The Nature Of The Beast
A number of commentators have compared the QAnon phenomenon with alternate reality games (ARGs). The first ARG started in 2001 as part of the publicity for Steven Spielberg’s film “Artificial Intelligence”. A reference on the film’s poster, when Googled, led to a whole network of fictional websites of various types. The image of the poster was posted on Ain’t It Cool News (AICN) with a cryptic message. Within a day the websites had registered 25 million hits. The sites turned out to be part of the first ARG, “The Beast”, created by Microsoft.
One of the main similarities between QAnon and ARGs is that in both cases to “play” you require to, and are strongly encouraged to, “Do your research.”. In the case of QAnon, this leads to the belief that you are going to the source of the information, rather than slavishly believing what the main stream media (MSM) are telling you. The Beast and the ARGs that followed it were enormously complex, including puzzles, escape rooms, and even scientific research. The worlds they created were so enormous that grappling with them required cooperation between players sharing discoveries, solutions and ideas. The resemblance to QAnon is very striking.

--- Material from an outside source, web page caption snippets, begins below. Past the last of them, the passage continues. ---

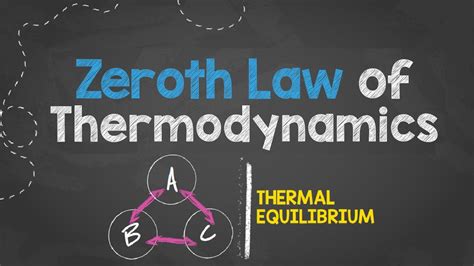 laws of thermodynamics bsc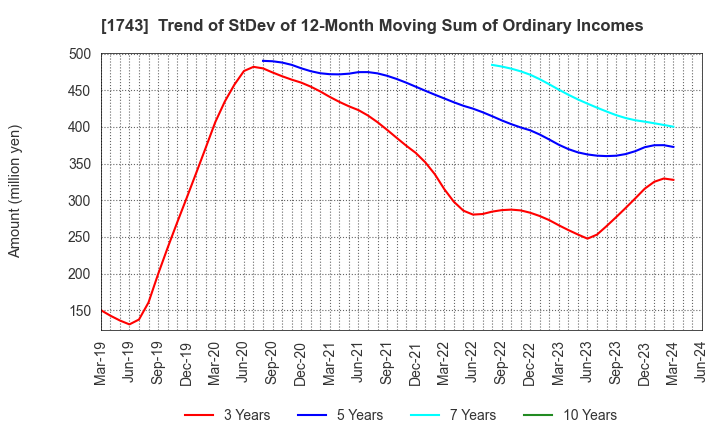 1743 KOATSU KOGYO CO.,LTD.: Trend of StDev of 12-Month Moving Sum of Ordinary Incomes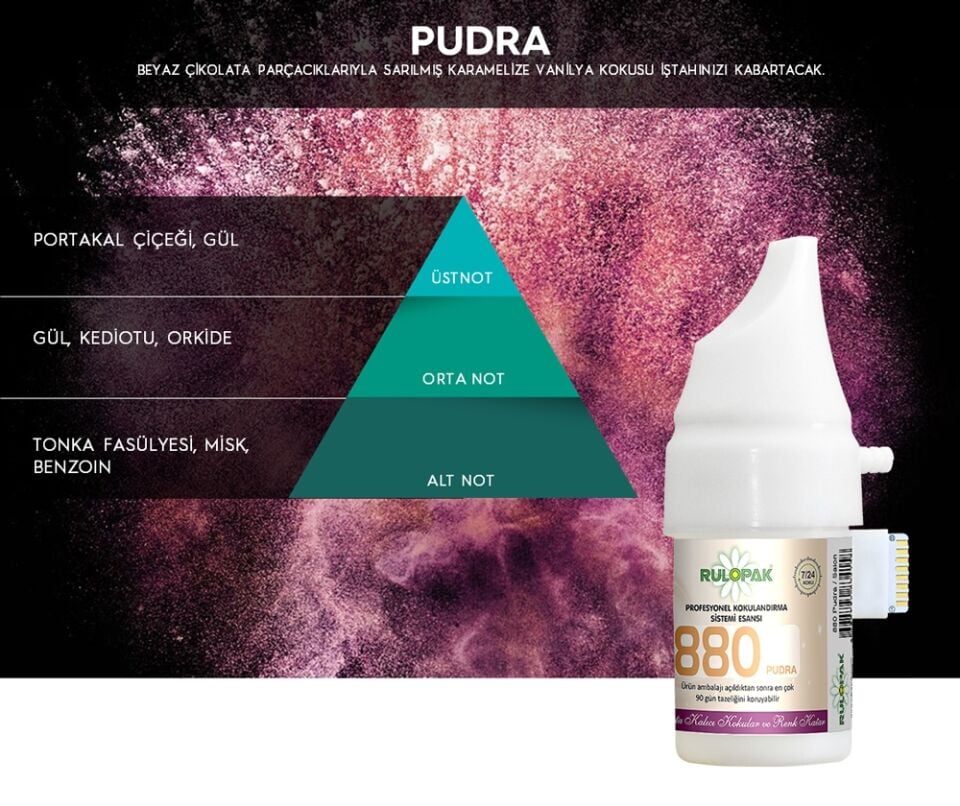 Rulopak Cosmic M5 ve M6 Pudra Koku Kartuşu 100 ml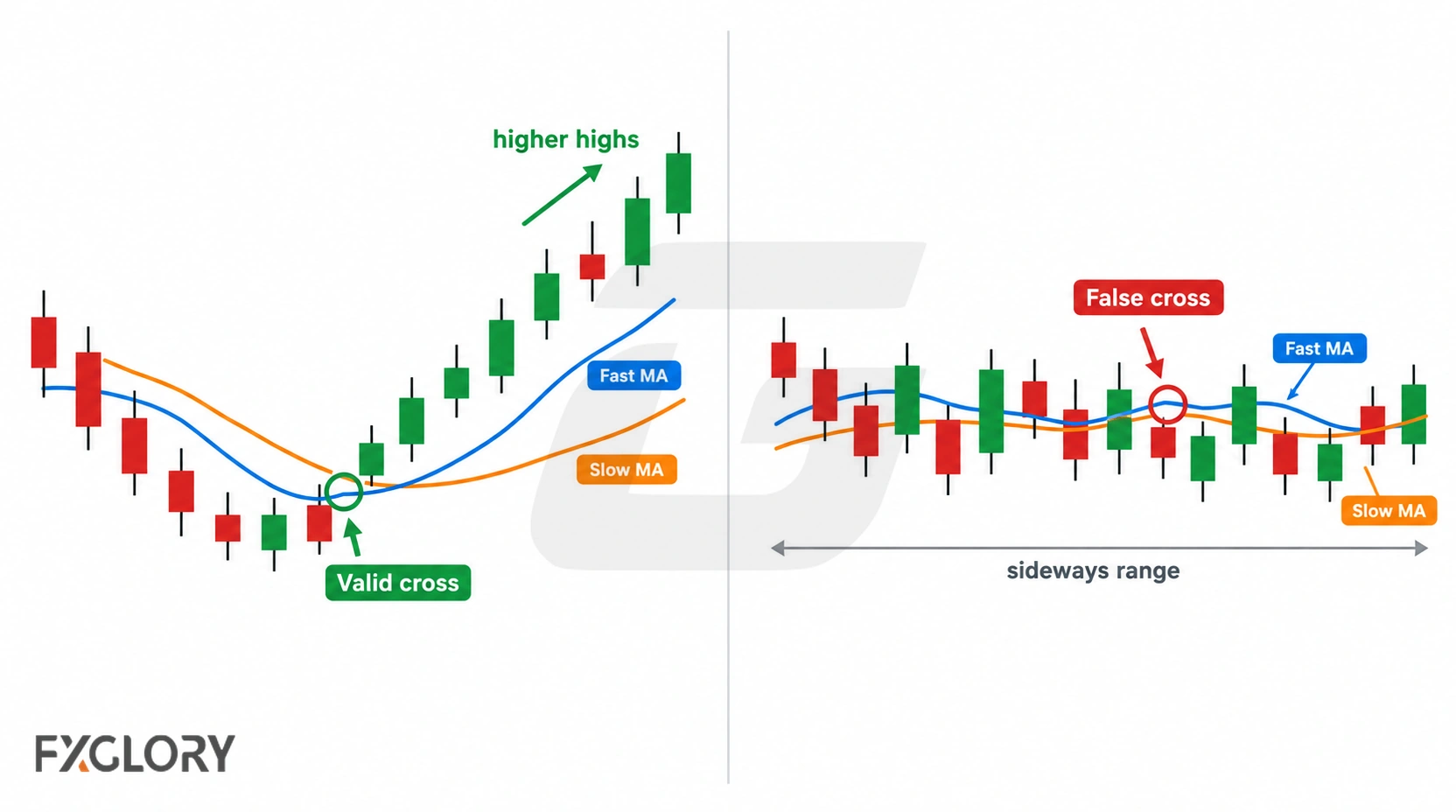 Comparison of a moving average crossover that develops into an uptrend with a false crossover inside sideways price action.
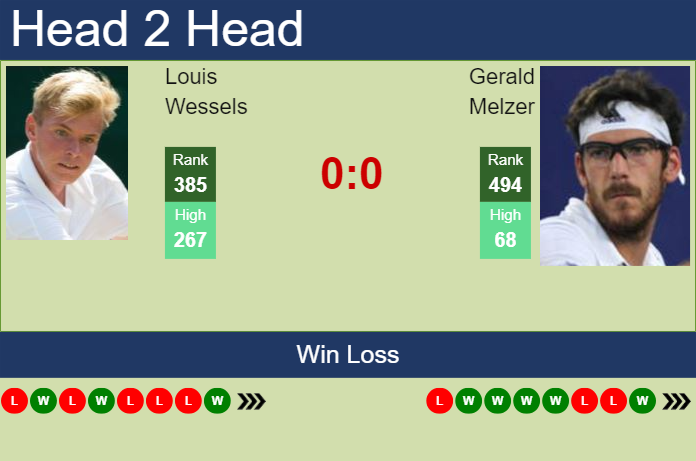 Prediction and head to head Louis Wessels vs. Gerald Melzer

QAnon is obviously not the first conspiracy theory, but one thing that is exceptional about it is its ability to absorb other conspiracy theories into itself. This is explored in an article by Anna Merlan called “The Conspiracy Singularity Has Arrived”. The fact that QAnon has come to the fore at the same time as a major pandemic has allowed the cult to embrace other ideas like the notion that lockdowns, mask-wearing and COVID-19 vaccination all form part of the plot by the Satanic Deep State. Isolation caused by lockdowns, and anxiety generated by coronavirus, have also combined to make cult alliances stronger. As Merlan states “The trend towards a kind of disturbing unity is distilled in the hashtag #Covid911, backed by a lot of powerful players in both anti-vaccine and QAnon circles. It holds that what we’re living through—the pandemic and the protests against police brutality alike—is all a massive hoax, designed to sway not just the 2020 elections but usher in the New World Order.”.
Two quotes from Adrian Hon’s article “What ARGs Can Teach Us About QAnon” I think encapsulate the fundamental features of the cult:
(1) “According to Michael Barkun, emeritus professor of political science at Syracuse University, three core principles characterize most conspiracy theories. Firstly, the belief that nothing happens by accident or coincidence. Secondly, that nothing is as it seems: The ‘appearance of innocence’ is to be suspected. Finally, the belief that everything is connected through a hidden pattern.”
(2) “Q’s followers are starving for information. Their willingness to chase bread crumbs is a symptom of ignorance and powerlessness. There may be something to their belief that the machinery of the state is inaccessible to the people. It’s hard to blame them for resorting to fantasy and esotericism, after all, when accurate information about the government’s current activities is so easily concealed and so woefully incomplete.”.